Assigned task: Repeat the listing exactly. Any picture in it should be left out of the copy.

Data segment:
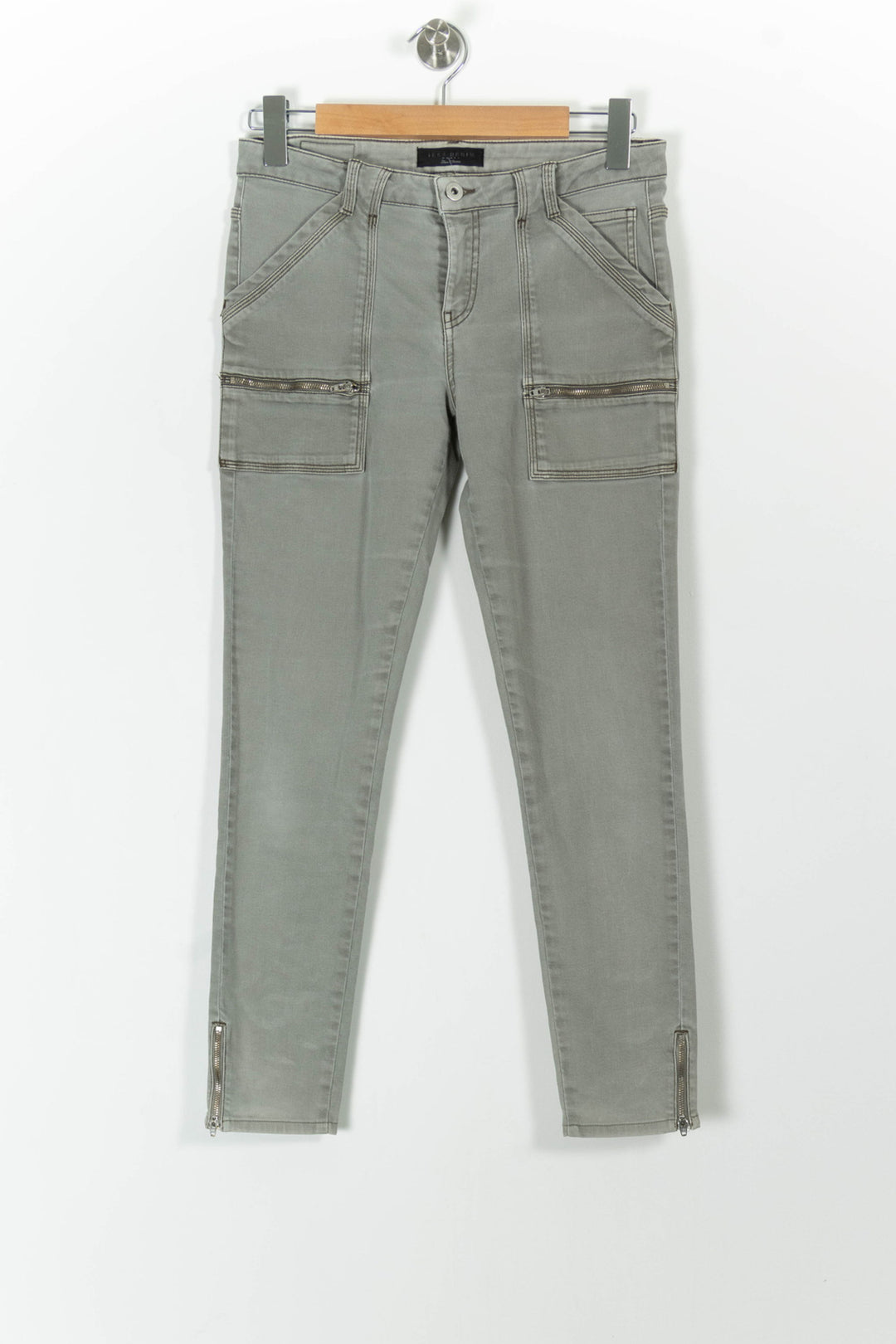 Jean Cargo Gris - Taille M/38 de la marque IKKS | PARAD99020 - Vendu par Paradigme - Image 2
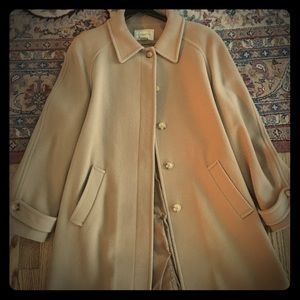 Apple seeds  wool coat
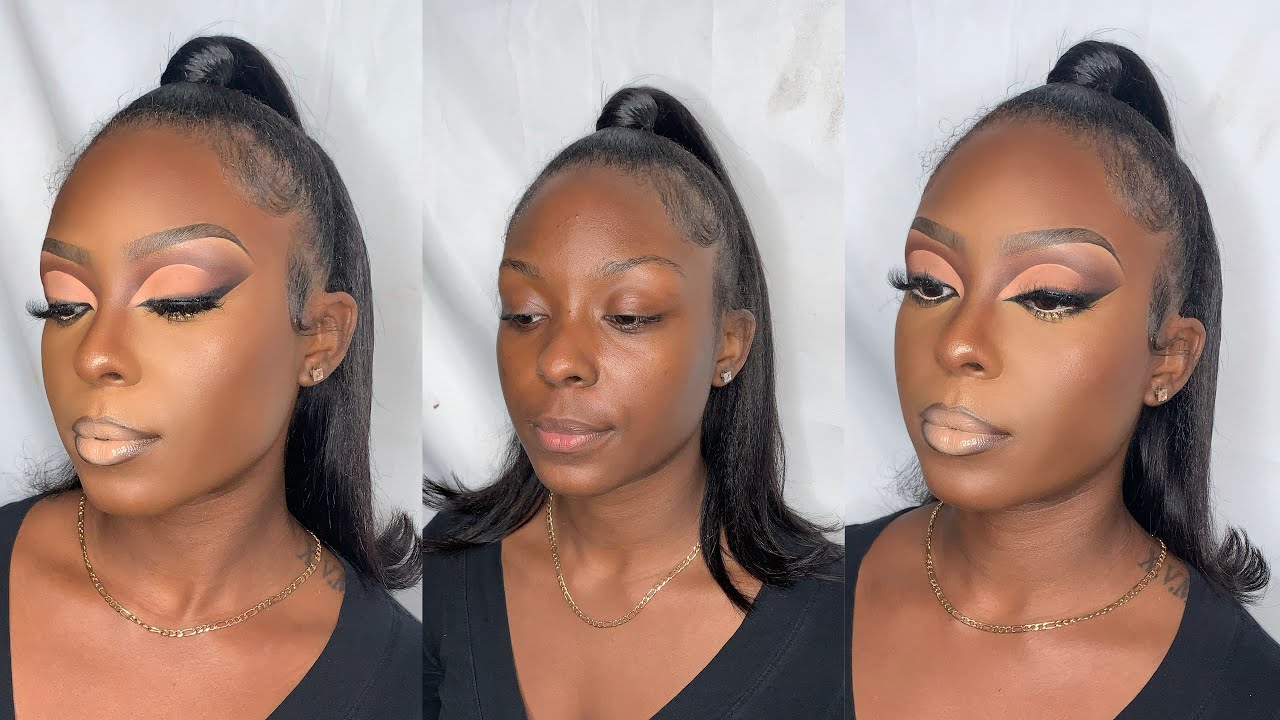 MAKEUP THERAPY : dramatic cut crease glam makeup tutorial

Result for this exercise:
 Jean Cargo Gris - Taille M/38 de la marque IKKS | PARAD99020 - Vendu par Paradigme - Image 2
 Apple seeds  wool coat
 MAKEUP THERAPY : dramatic cut crease glam makeup tutorial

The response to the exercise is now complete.